JUDAH KNOWS SOMETHING. I realize this one day as I am hanging clothes on hangers, and arranging them around the store, the musty smell filling my nostrils and making me feel sick. He’s been different with me ever since that afternoon with Mo. At first I told myself it was in my head—the assessing looks, the silence, the strange questions, but they come too frequently. He’s on to me. He’s been spending more and more time with his father. I don’t like the look of him, or maybe I’m jealous. He comes to get Judah, patiently lifting him into the passenger seat before carefully loading his wheelchair into the back. I wonder how he and Delaney met, as I watch him climb into the driver’s seat, his russet hair lifting in the wind. He isn’t the type to shoot the breeze and smoke a joint on someone’s front porch. He is a serious man; you can tell by the way he hardly smiles, the pristine condition in which he keeps his truck. Even the care with which he handles Judah’s wheelchair says something of the way he lives. Judah is like him. It is strange to realize that the boy I feel most connected to doesn’t really belong here. His only tie being Delaney, probably the only reason he hadn’t left. My eyes follow the truck and the boy out of Wessex, until they burn from brine.
I wait for him to come back, checking out the window, looking for his dad’s car. But he doesn’t come home until three days later, and he looks different. When I see him after that, he is distant. He locks eyes with strangers more than he does me. He peels the skin off oranges, and does not eat them. He picks up a joint and does not light it. He smiles at Mo, and it does not reach his eyes. Where has Judah gone?

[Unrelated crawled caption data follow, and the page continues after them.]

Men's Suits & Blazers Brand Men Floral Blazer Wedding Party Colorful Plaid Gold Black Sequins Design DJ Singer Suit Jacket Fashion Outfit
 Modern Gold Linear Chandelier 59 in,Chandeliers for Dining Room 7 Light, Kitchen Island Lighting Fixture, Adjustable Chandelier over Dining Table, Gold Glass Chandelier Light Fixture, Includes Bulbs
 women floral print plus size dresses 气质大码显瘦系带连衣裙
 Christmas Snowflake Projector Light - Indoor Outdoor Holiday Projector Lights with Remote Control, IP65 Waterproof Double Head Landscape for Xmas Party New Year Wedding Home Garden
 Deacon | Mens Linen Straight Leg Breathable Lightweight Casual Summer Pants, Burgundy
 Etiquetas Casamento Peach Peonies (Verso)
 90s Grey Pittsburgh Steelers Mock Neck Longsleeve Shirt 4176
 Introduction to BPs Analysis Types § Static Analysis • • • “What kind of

At first, I wonder if it’s because of how much I’ve changed. I’ve lost almost fifty pounds. I’m not the girl he met in either shape or mental form. Perhaps my ability to make this change bothers him. While he is stuck in his wheelchair, I am free to walk off my weight. But, no. That’s not Judah. The fortune of others does not turn him melancholy. He doesn’t wish for what he cannot have. That’s what drew me to him in the first place. So I move on. When did it start? I think. When did he start pulling away?